GIVEN RECORDS Block Start

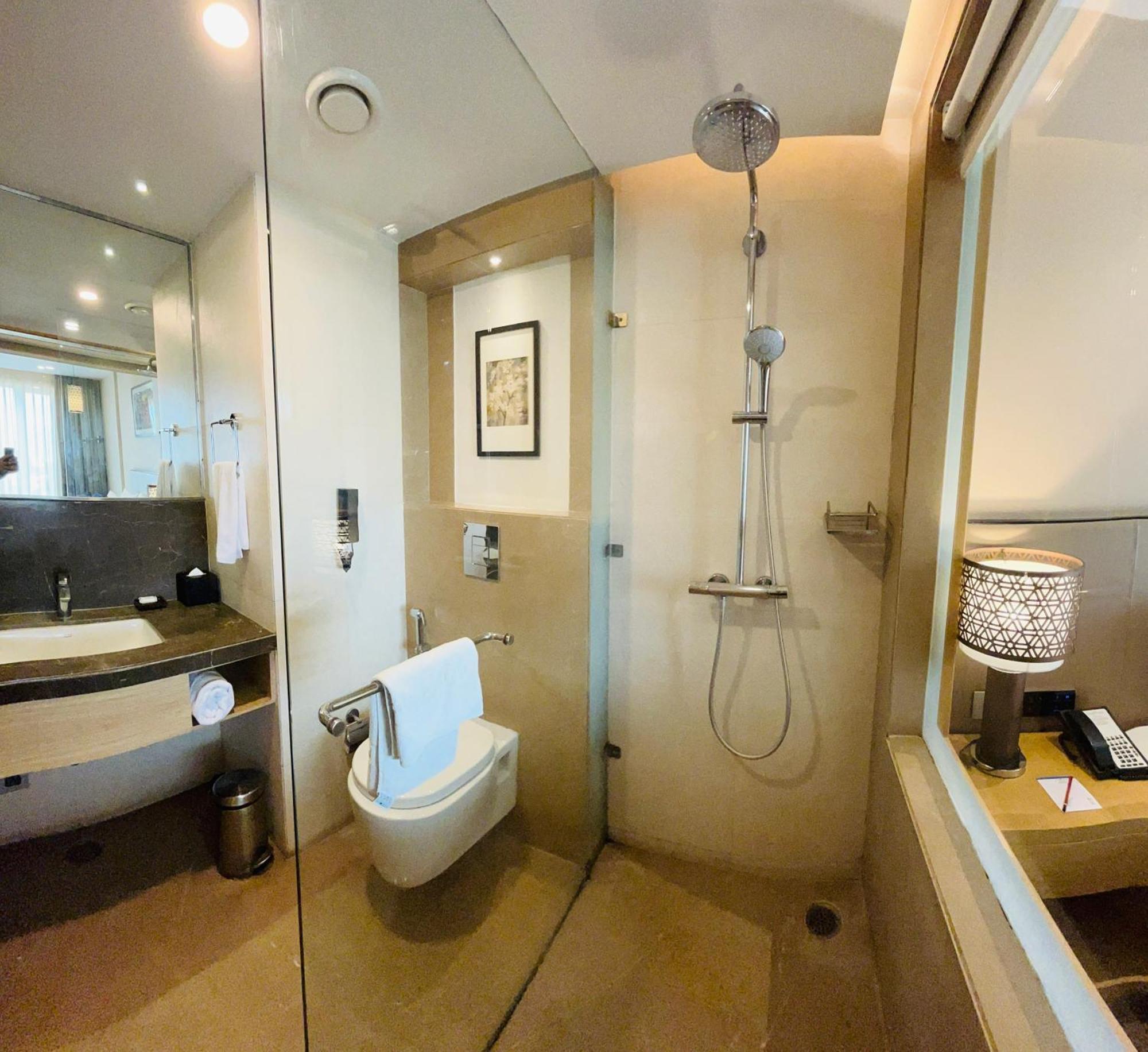 The Fern Residency Sarnath Hotel Варанаси Екстериор снимка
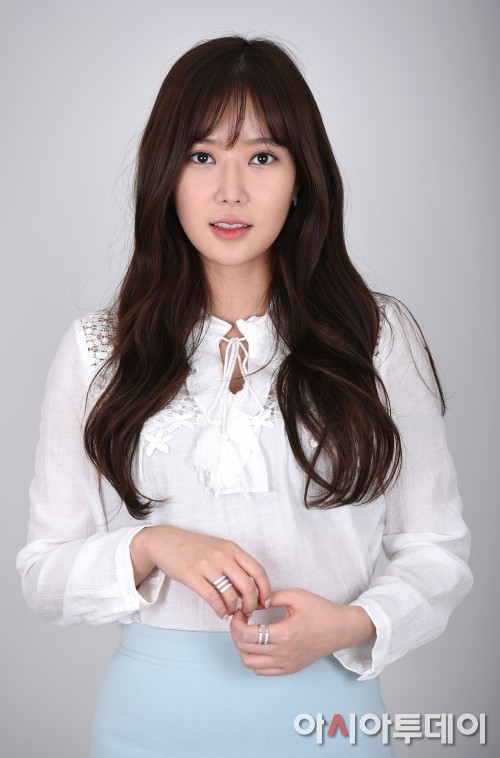 도플갱어 정도로 닮은 연예인.jpg | 인스티즈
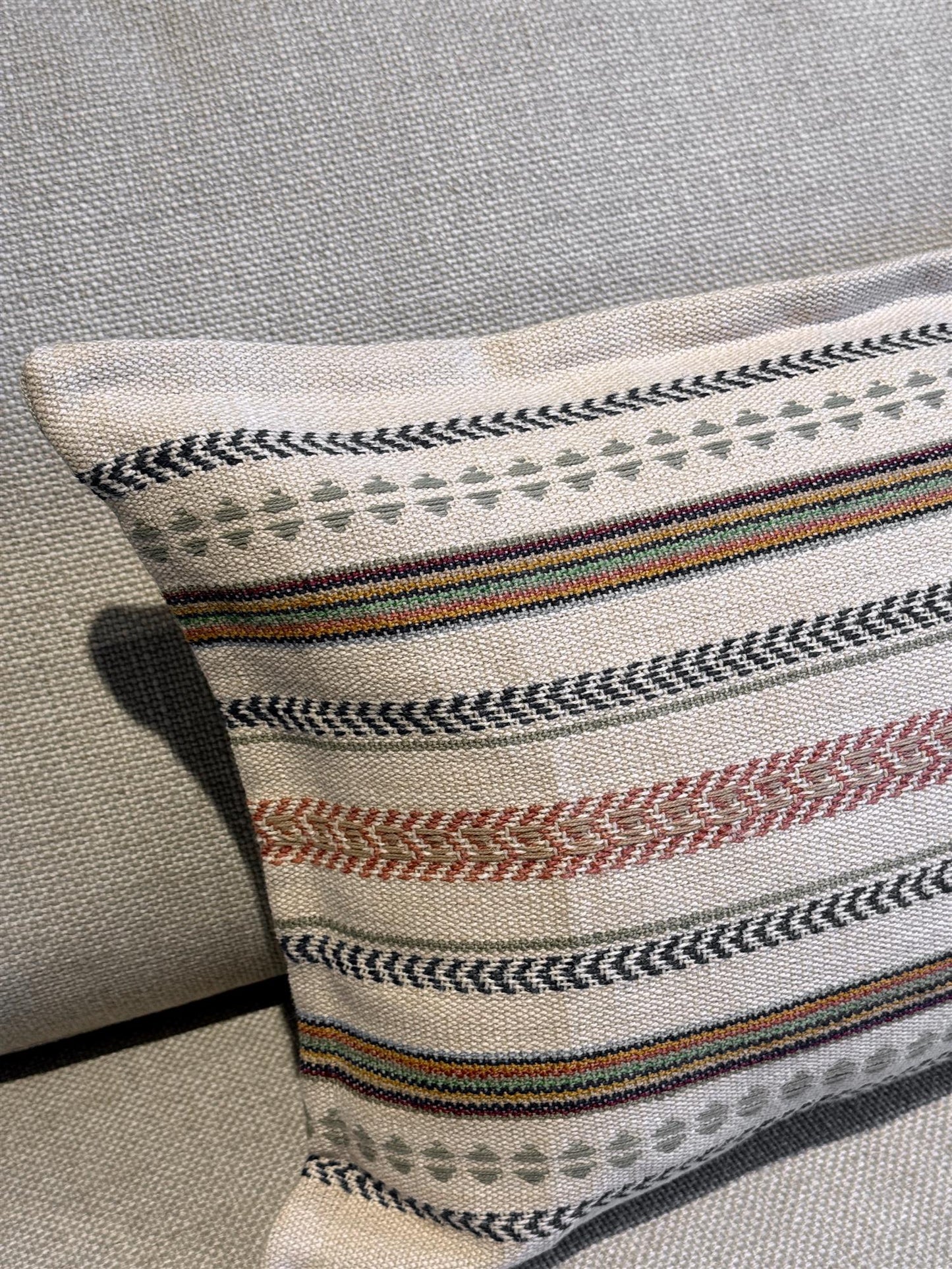 Pyntepute Mulberry Racing stripe denim 40x60 cm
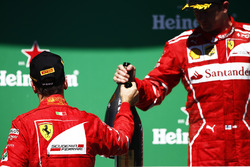 Podyum: Yarış galibi Sebastian Vettel, Ferrari, 3. Kimi Raikkonen, Ferrari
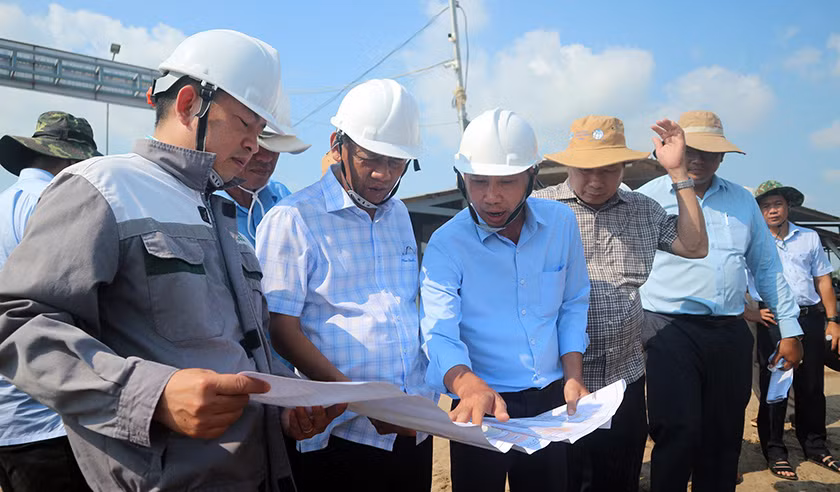 Lãnh đạo tỉnh Sóc Trăng kiểm tra, đôn đốc tiến độ thi công cao tốc.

GIVEN RECORDS Block End

▶ **WHAT YOU WILL DO**: Copy the listing in full and without alteration, omitting every picture.

▶ **ANSWER AREA**:
 The Fern Residency Sarnath Hotel Варанаси Екстериор снимка
 도플갱어 정도로 닮은 연예인.jpg | 인스티즈
 Pyntepute Mulberry Racing stripe denim 40x60 cm
 Podyum: Yarış galibi Sebastian Vettel, Ferrari, 3. Kimi Raikkonen, Ferrari
 Lãnh đạo tỉnh Sóc Trăng kiểm tra, đôn đốc tiến độ thi công cao tốc.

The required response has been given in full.